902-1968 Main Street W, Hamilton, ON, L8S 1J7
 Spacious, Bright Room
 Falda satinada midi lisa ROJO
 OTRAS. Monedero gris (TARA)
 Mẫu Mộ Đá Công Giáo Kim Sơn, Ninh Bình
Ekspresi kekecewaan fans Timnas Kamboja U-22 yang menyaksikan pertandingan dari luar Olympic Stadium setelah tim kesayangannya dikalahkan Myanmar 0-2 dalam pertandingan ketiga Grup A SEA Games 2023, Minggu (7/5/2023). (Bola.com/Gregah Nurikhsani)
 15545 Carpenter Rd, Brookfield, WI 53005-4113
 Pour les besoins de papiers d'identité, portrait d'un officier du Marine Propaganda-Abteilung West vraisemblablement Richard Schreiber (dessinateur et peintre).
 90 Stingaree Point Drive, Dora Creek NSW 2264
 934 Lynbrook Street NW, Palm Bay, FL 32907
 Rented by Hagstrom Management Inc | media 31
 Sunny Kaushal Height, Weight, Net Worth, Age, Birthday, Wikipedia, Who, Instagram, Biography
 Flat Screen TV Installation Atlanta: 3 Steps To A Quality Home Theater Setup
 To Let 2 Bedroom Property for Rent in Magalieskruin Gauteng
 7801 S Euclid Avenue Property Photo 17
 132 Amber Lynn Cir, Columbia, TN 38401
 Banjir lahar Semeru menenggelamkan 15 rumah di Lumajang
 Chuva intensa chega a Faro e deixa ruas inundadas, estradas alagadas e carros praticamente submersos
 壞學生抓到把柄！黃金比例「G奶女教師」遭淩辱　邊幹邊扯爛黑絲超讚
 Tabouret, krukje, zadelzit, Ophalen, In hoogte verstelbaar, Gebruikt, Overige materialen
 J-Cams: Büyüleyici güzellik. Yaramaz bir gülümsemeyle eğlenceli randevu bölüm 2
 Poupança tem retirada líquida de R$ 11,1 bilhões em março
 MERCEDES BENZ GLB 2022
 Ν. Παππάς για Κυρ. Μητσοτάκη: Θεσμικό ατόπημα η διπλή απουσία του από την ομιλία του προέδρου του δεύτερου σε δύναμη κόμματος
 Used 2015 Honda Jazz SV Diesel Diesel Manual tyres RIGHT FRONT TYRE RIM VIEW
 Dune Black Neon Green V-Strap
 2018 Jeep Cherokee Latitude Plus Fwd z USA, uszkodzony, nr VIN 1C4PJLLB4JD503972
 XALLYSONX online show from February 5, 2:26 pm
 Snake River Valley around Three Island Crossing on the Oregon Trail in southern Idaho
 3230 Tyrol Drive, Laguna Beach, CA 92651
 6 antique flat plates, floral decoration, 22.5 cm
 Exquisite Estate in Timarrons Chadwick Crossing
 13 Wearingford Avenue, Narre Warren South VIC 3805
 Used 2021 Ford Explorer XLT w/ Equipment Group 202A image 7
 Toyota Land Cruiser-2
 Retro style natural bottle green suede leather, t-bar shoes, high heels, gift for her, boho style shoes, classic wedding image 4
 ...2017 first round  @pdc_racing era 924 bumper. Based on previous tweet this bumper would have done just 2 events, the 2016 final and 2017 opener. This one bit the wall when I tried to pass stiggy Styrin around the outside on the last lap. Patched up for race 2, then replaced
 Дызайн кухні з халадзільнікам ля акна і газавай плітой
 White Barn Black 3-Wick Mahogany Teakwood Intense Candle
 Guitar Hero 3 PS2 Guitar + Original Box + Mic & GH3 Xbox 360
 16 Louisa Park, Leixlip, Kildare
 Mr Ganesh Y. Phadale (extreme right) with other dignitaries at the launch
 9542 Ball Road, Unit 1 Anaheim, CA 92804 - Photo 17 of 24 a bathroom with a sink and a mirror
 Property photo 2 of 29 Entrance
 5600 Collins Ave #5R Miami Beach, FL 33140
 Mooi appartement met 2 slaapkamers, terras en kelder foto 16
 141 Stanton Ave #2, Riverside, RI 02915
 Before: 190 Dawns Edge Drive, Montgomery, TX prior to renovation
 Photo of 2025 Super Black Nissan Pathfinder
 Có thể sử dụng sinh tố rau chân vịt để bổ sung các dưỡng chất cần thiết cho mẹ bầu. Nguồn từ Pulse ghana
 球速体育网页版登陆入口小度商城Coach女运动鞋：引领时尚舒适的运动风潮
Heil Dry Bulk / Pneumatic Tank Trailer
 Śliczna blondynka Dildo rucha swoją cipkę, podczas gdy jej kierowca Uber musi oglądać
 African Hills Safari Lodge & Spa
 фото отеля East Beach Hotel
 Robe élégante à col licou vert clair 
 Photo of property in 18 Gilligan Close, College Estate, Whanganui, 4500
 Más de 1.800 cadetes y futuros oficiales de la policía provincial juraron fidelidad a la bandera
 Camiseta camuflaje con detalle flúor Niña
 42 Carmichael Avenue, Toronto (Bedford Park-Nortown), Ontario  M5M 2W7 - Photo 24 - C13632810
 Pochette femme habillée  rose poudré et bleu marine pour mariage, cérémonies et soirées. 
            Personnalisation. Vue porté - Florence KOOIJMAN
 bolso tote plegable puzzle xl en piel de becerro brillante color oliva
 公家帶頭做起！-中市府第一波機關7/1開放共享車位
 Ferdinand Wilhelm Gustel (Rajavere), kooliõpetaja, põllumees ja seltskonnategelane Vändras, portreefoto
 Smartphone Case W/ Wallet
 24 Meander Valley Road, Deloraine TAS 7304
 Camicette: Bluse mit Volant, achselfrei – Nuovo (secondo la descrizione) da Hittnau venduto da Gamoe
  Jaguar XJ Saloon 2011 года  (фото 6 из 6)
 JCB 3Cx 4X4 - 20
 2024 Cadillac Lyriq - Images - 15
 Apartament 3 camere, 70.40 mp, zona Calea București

* * * * * * *

[WHAT THE TASK REQUIRES]
Please reproduce exactly the lines in the listing above from the one containing "Mẫu Mộ Đá Công Giáo Kim Sơn, Ninh Bình" through the one containing "Toyota Land Cruiser-2", both included, and nothing more.

[TASK ANSWER]
 Mẫu Mộ Đá Công Giáo Kim Sơn, Ninh Bình
Ekspresi kekecewaan fans Timnas Kamboja U-22 yang menyaksikan pertandingan dari luar Olympic Stadium setelah tim kesayangannya dikalahkan Myanmar 0-2 dalam pertandingan ketiga Grup A SEA Games 2023, Minggu (7/5/2023). (Bola.com/Gregah Nurikhsani)
 15545 Carpenter Rd, Brookfield, WI 53005-4113
 Pour les besoins de papiers d'identité, portrait d'un officier du Marine Propaganda-Abteilung West vraisemblablement Richard Schreiber (dessinateur et peintre).
 90 Stingaree Point Drive, Dora Creek NSW 2264
 934 Lynbrook Street NW, Palm Bay, FL 32907
 Rented by Hagstrom Management Inc | media 31
 Sunny Kaushal Height, Weight, Net Worth, Age, Birthday, Wikipedia, Who, Instagram, Biography
 Flat Screen TV Installation Atlanta: 3 Steps To A Quality Home Theater Setup
 To Let 2 Bedroom Property for Rent in Magalieskruin Gauteng
 7801 S Euclid Avenue Property Photo 17
 132 Amber Lynn Cir, Columbia, TN 38401
 Banjir lahar Semeru menenggelamkan 15 rumah di Lumajang
 Chuva intensa chega a Faro e deixa ruas inundadas, estradas alagadas e carros praticamente submersos
 壞學生抓到把柄！黃金比例「G奶女教師」遭淩辱　邊幹邊扯爛黑絲超讚
 Tabouret, krukje, zadelzit, Ophalen, In hoogte verstelbaar, Gebruikt, Overige materialen
 J-Cams: Büyüleyici güzellik. Yaramaz bir gülümsemeyle eğlenceli randevu bölüm 2
 Poupança tem retirada líquida de R$ 11,1 bilhões em março
 MERCEDES BENZ GLB 2022
 Ν. Παππάς για Κυρ. Μητσοτάκη: Θεσμικό ατόπημα η διπλή απουσία του από την ομιλία του προέδρου του δεύτερου σε δύναμη κόμματος
 Used 2015 Honda Jazz SV Diesel Diesel Manual tyres RIGHT FRONT TYRE RIM VIEW
 Dune Black Neon Green V-Strap
 2018 Jeep Cherokee Latitude Plus Fwd z USA, uszkodzony, nr VIN 1C4PJLLB4JD503972
 XALLYSONX online show from February 5, 2:26 pm
 Snake River Valley around Three Island Crossing on the Oregon Trail in southern Idaho
 3230 Tyrol Drive, Laguna Beach, CA 92651
 6 antique flat plates, floral decoration, 22.5 cm
 Exquisite Estate in Timarrons Chadwick Crossing
 13 Wearingford Avenue, Narre Warren South VIC 3805
 Used 2021 Ford Explorer XLT w/ Equipment Group 202A image 7
 Toyota Land Cruiser-2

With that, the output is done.